A decision in this regard was taken on March 26 by the cabinet of the Canadian province and was notified in today's edition of the official gazette of Quebec, the Indian Farmers Fertiliser Co-operative Ltd (IFFCO) said in a statement.
The proposed facility will have a production capacity of up to 1.6 million tonnes of urea and 7,60,000 tonnes of diesel diesel exhaust fluid (DEF), it said.
The estimated project cost of USD 1.6 billion is based on the most recent feasibility study.
La Coop fédérée, an agri-food organisation in Quebec that is one of the project shareholders, has agreed to purchase some 5,00,000 tonnes of urea a year for distribution across the province, Canada and several US states, it added.

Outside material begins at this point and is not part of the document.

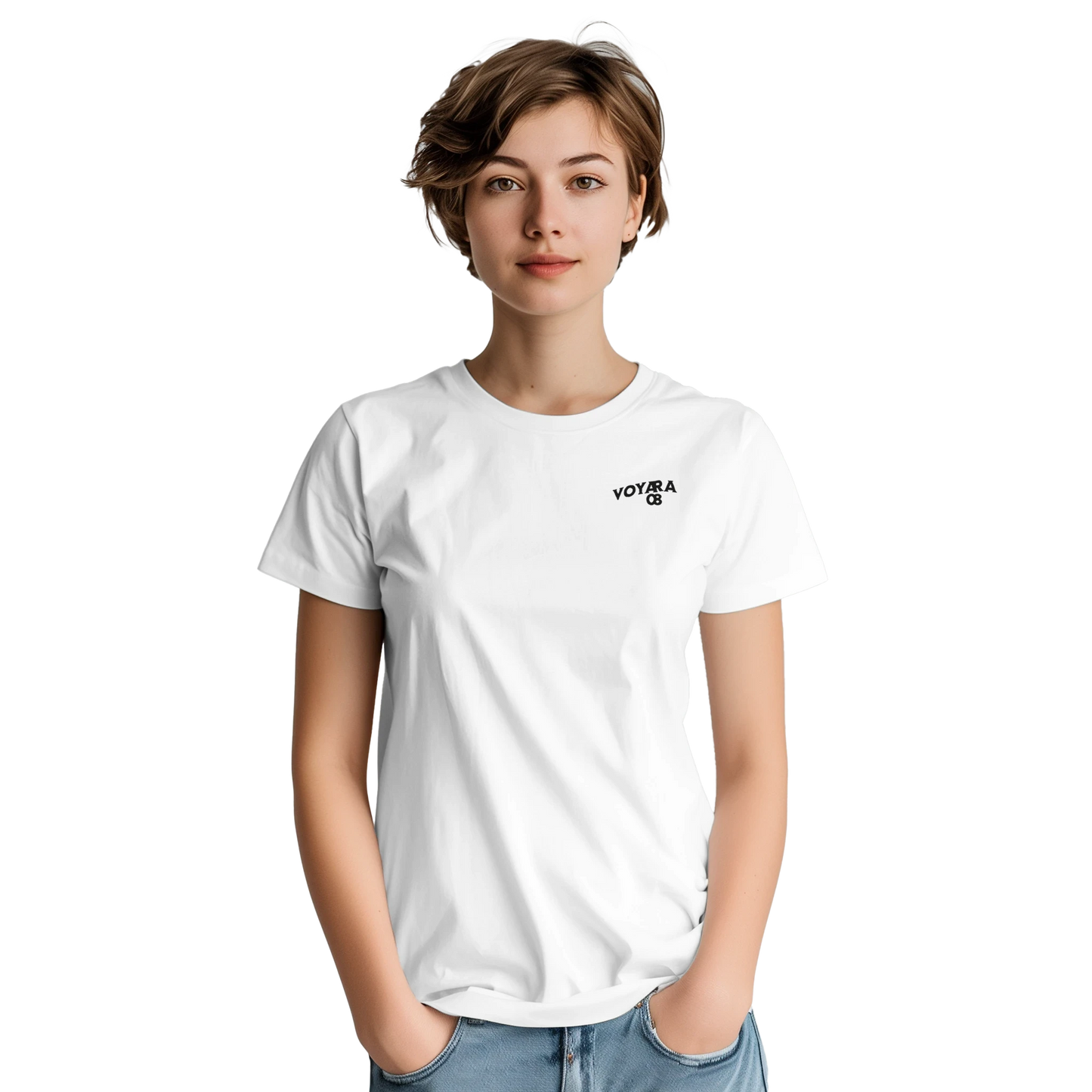 a2f10a68-94b3-4c27-9a90-963b95087780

"I am extremely happy and satisfied over the development...The plant is scheduled for commissioning by 2017," IFFCO Chairman and Managing Director U S Awasthi said.
The cooperative will now focus on the development and construction of the facility, he said.
"We will try our best to protect the environment by controlling air, water and soil quality of the area as we have done and shown in India by successfully running the oldest ammonia-urea plant at Kalol, Gujarat," Awasthi said.
IFFCO Canada CEO Manish Gupta said, "Our focus now is on project financing which, once finalised, will pave the way for construction of the industrial complex to commence."
In January 2013, IFFCO's Canadian subsidiary acquired the land for the plant. The site is at Bécancour Port and Industrial Park, which provides access via land, rail and water to markets across North America.
The deep-water port will also facilitate exports, especially to markets in Europe. Quebec province, Canada's largest, is located in the east-central region of the country.